Matthieu Lépine : « En 2019, la France était le pays comptant le plus de morts au travail » !

Publié le 24/01/2024

Sortir les morts au travail des faits divers : c’est le combat de Matthieu Lépine, professeur d’histoire-géographie à Montreuil (93). Lorsqu’il n’enseigne pas, il passe son temps libre à éplucher la presse régionale pour recenser les accidents mortels et comprendre les conditions dans lesquels ils surviennent. L’Hécatombe invisible, paru en 2023 aux éditions du Seuil, est la somme de son travail. Il y dévoile la réalité sociologique des morts au travail, redonne un nom et un visage aux travailleurs décédés – certains sont en photos à la fin du livre – et montre que certains secteurs et certaines tranches d’âge sont plus touchés. Il fait également revivre des figures historiques, médecins et inspecteurs du travail, qui ont permis à partir du dix-neuvième siècle de mieux protéger les salariés et de construire le droit du travail. Rencontre.

Seuil

Actu-Juridique : Comment avez-vous commencé ce travail sur les morts au travail ?

Matthieu Lépine : En janvier 2016, Emmanuel Macron, alors ministre de l’Économie, avait déclaré : « Au sein d’une entreprise, l’entrepreneur est celui qui prend tous les risques, parce qu’il peut tout perdre, lui ». Cette phrase laissant entendre qu’il n’y a que l’entrepreneur qui prend les risques avait été pour moi un déclic. Je ne m’y connaissais pas à l’époque en accident du travail. Après cette sortie, qui avait déclenché une polémique, j’avais effectué quelques recherches et découvert, entre autres, le livre Hector est mort, écrit en 2001 par François Ruffin, alors journaliste, au sujet de la mort d’un jeune travailleur sur un chantier d’insertion à Amiens en 2001. Dans les mois qui ont suivi, le débat sur la loi Travail était au cœur des débats, et les conditions de travail discutées. À la fin de l’année 2016, j’ai fait un premier recensement des accidents du travail. À partir de 2019, je me suis lancé dans un recensement quotidien. J’ai repris la démarche du journaliste David Dufresne, spécialisé sur les violences policières. À chaque fois qu’une violence lui était signalée, il faisait un tweet sur son compte, qui commençait par « Allô place Beauvau » et donnait le nombre de cas qu’il avait signalés depuis le début de son travail de recensement. En janvier 2019, en plein mouvement des Gilets jaunes, je lance « Allô Muriel Pénicaud ». Je ne me doutais pas que je ferais ça pendant plusieurs années.

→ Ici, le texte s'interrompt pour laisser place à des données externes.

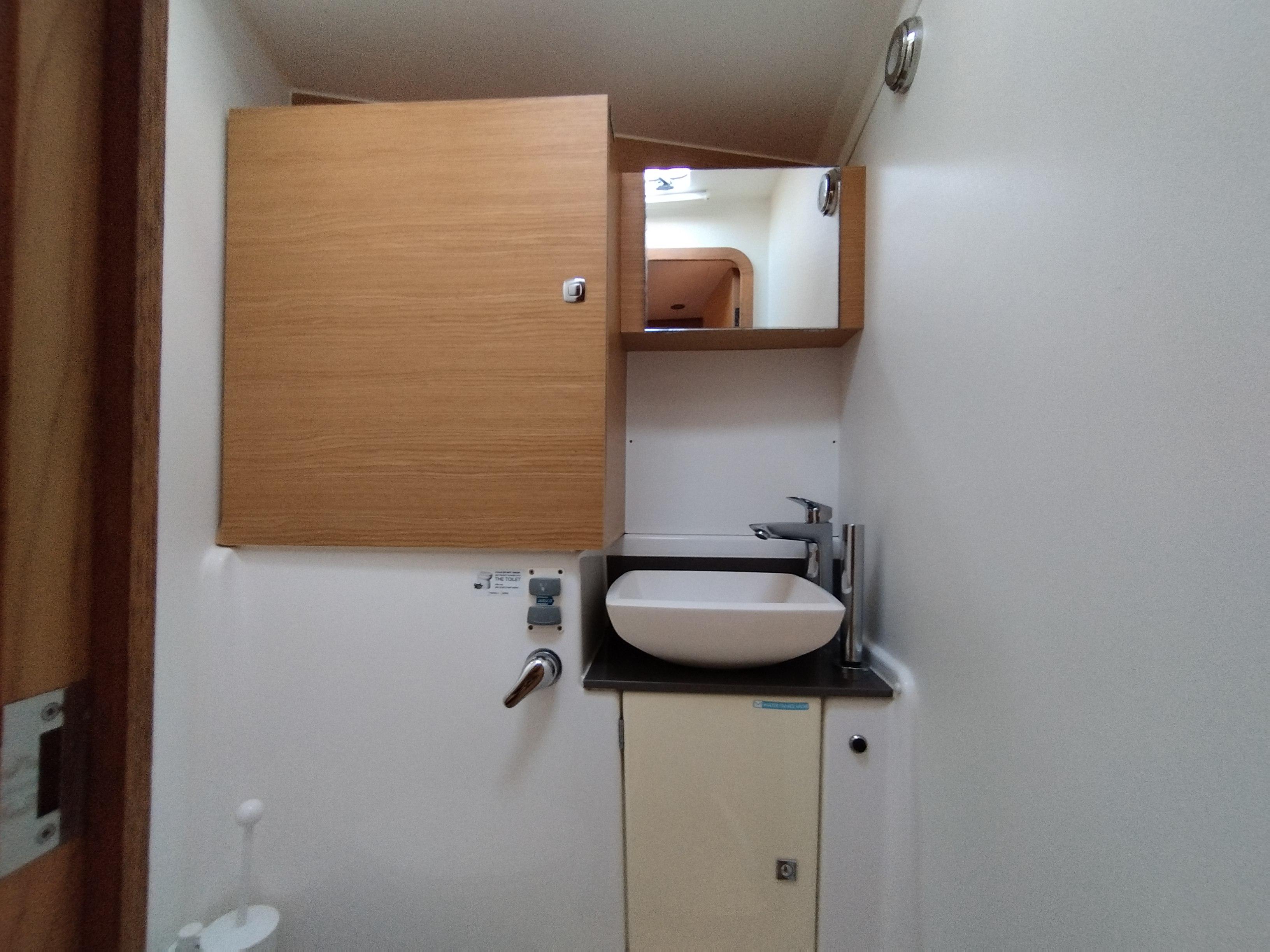 Dufour 56 Exclusive - 5 + 1 cab., picture 29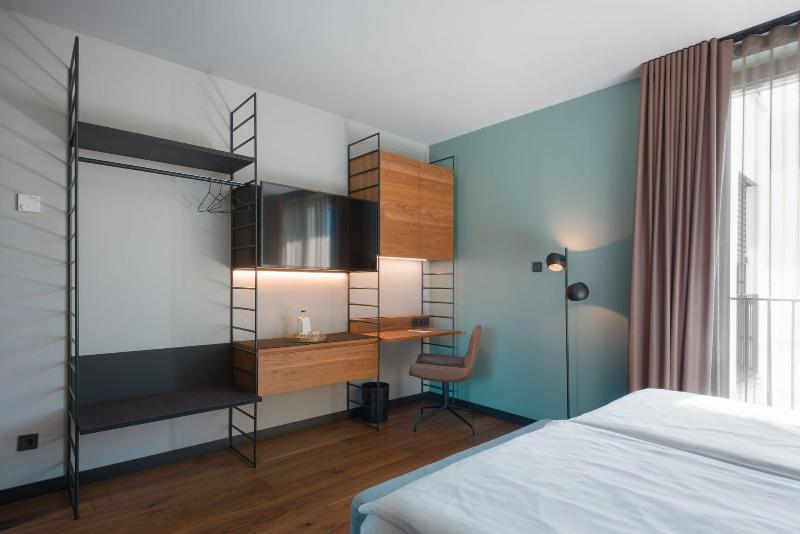Emilu Design Hotel - Oda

AJ : Comment procédez-vous ?

Matthieu Lépine : J’ai une alerte Google avec des mots-clés : « accidents du travail », « mort », « ouvrier » je reçois de cette manière une vingtaine de mails par jour. J’épluche ensuite la presse quotidienne régionale en ligne, qui est ma principale source d’information. Comme il n’y a pas un article à chaque mort au travail, il y a plein d’accidents que je ne verrai jamais. Pour qu’un article soit fait sur le sujet, il m’arrive d’interpeller les médias locaux, quand je suis informé d’un accident par un membre de la famille, des voisins ou des personnes qui habitaient à côté du chantier. Depuis le début de l’année 2023, j’ai dénombré 280 morts au travail. Il y en a certainement eu beaucoup plus en réalité.

AJ : Vous prenez également des chiffres des organismes…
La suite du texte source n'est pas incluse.